Archive for April 21st, 2006

Mediation is a universal language for mediators and mediation program administrators from Bulgaria on study tour in BostonMy alma mater, Suffolk University Law School in Boston, is hosting a group of visiting mediators and mediation program administrators from Bulgaria who are here on a twelve-day study tour under the sponsorship of the United States Agency for International Development (USAID).

This tour furthers the efforts of USAID’s Commercial Law Reform Program (CLRP) to promote access to and use of mediation to alleviate the strain on Bulgarian’s underfunded and overburdened judiciary (a problem which will have the ring of familiarity to American jurists). CLRP has worked closely with Bulgaria to help it develop its capacity to provide court-connected mediation services. A legal framework supporting mediation is in place, which includes a Mediation Act enacted in December 2004, comprehensive procedural and ethical rules of conduct for mediators, and mediation training standards.

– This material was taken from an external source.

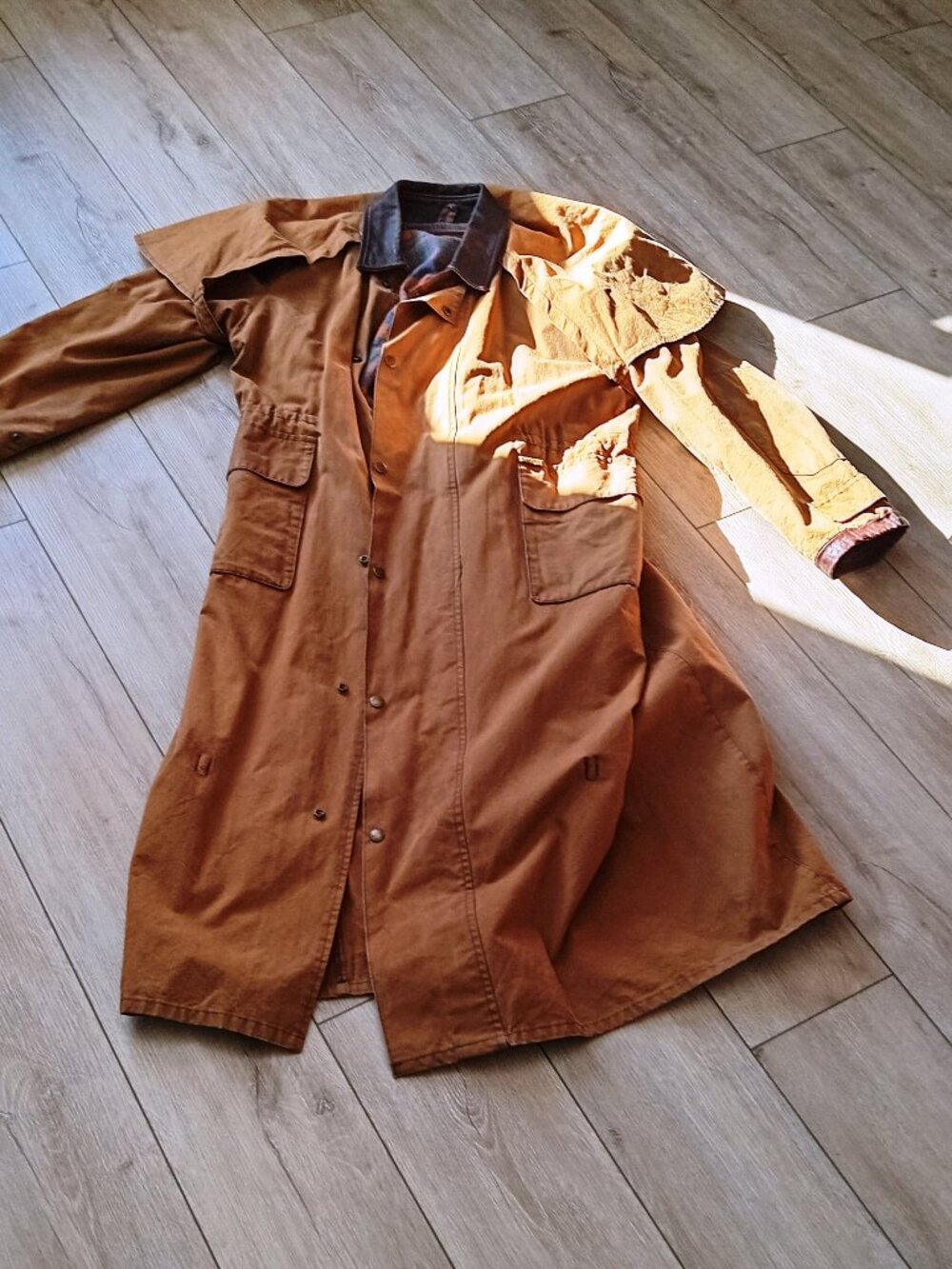 Koolah Australian Outback Duster- Large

In addition, last year the 110-year-old Bulgarian Chamber of Commerce and Industry (BCCI) with the support of USAID opened a Commercial Mediation Center in Sofia, Bulgaria’s capital, with the goal of promoting the use of mediation as a time- and cost-saving measure.

This study tour was developed by and is under the supervision of Gabrielle Gropman, a mediator with over two decades of experience, who served as the administrator of the Harvard Mediation Program at Harvard Law School for 20 years and who possesses substantial experience as a trainer in both the U.S. and Europe.

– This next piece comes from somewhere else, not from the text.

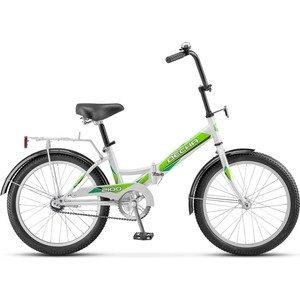 Велосипед Десна 2100 Зеленый - фото 1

Chief trainer is my friend and colleague Ericka Gray, who, among her many achievements, served as the founding Executive Director of the Middlesex Multi-Door Courthouse in Cambridge, Massachusetts, and later as the Executive Director of the Academy of Family Mediators, one of the organizations which later became the Association for Conflict Resolution, before founding her dispute resolution firm DisputEd in 1998.

Participation in this study tour is designed to provide participants with advanced commercial mediation skills and techniques, strategies for the successful administration and financial operation of commercial mediation programs, techniques for training commercial mediators, and the opportunity to establish ties with mediators and mediation service providers here in the U.S.

For two days this week I was privileged to join the study tour as Ericka’s co-trainer teaching these distinguished visitors from Bulgaria advanced commercial mediation skills. Vastly knowledgeable about mediation, deeply committed to its precepts, and rooted squarely in its theory and practice, they had much to teach us as well.

The impression that has remained with me today as I reflect on my time with these extraordinary individuals is the degree to which mediation has become a universal language, an idiom that all of us who are mediators speak and share.

For more information on mediation in Bulgaria, visit the web site for the Mediation Center at the Bulgarian Chamber of Commerce and Industry.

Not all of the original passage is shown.